The purpose of Project Grants is to help faculty implement courses that use inquiry-based teaching methods.  For example, instead of lectures describing five ways for a retail business to estimate its trade area (where most customers come from), the instructor crafts curriculum that leads students to think through data provided by a real “client” and implement various methods of trade area estimation.  The five methods are still taught, but they are applied in a real situation with all of the messy problems that accompany actual applications.  This process makes students (and professors) think instead of memorize.  It

encourages higher-order thinking (such as applying knowledge to new situations, thinking independently, and communicating results).  It models the discipline as it is actually applied.  Pages 6-9 of the grant proposal give several other examples of inquiry-based pedagogies.  The proposal is available at: www.stthomas.edu/bushgrant.

 

Project Grants are designed to support faculty who are making substantial changes in pedagogy; such changes would often affect a whole course.  Activities involved might include further learning about the pedagogy in some way (readings, attending a conference or workshop, observing faculty who use the technique or strategy), preparing the materials needed to implement the pedagogy in the course and to evaluate the results, etc.

 

Project Grants could be used to develop introductory courses, interdisciplinary or international courses, first-year courses, or an extension of the university’s existing “paired courses,” in which students enroll in two courses as a cohort and faculty may coordinate readings, projects, etc.  Course development may also include expansion of the paired-course model to upper-division courses.

 

Project Grants can also be used for faculty partnerships, where a faculty member who is experienced with inquiry-based pedagogies mentors a colleague who wants use those methods.

 

Project Grants are primarily intended as summer stipends for faculty, as well as funding the purchase of books, materials, consultants, or transportation costs, to a maximum of $1,500 per faculty member or faculty partnership.

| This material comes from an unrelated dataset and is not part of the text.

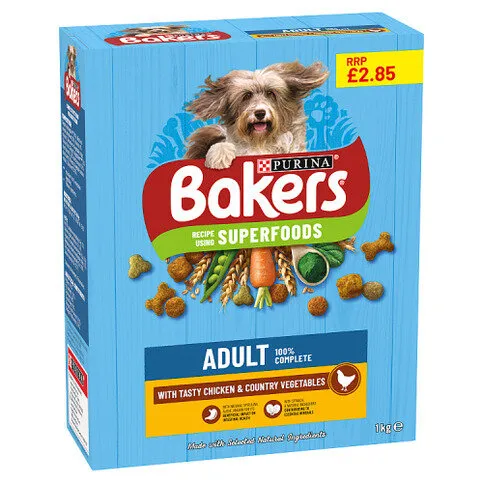 Bakers Adult with Tasty Chicken & Country Vegetables 1kg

Funds available in 2002-03 are $19,000.

 

Expectations:

Products that are expected from these grants will include revised syllabi and exercises, a report describing how the pedagogies are to be implemented in the course, and agreement on the part of the faculty member to measure the effects on student

learning.  Assessment tools for this purpose are described on pages 9-14 of the original proposal to the Bush Foundation, available at www.stthomas.edu/bushgrant.  Additional assessment tools will be posted on that website as they become available.


 

Project Grant Application Instructions

 

Application deadline:  Submit eight copies of a complete Project Grant application according to the dates given on the Grant Application Checklist.

 

A complete Project Grant Application consists of:

 

A.  Cover Sheet (required)

B.  Proposal Narrative not exceeding four double-spaced pages of 12-point type (see Guidelines below)

C.  Budget Format page and Budget Explanation (required)

D.  Two-page vitae (required)

E.  Supporting documentation (as appropriate)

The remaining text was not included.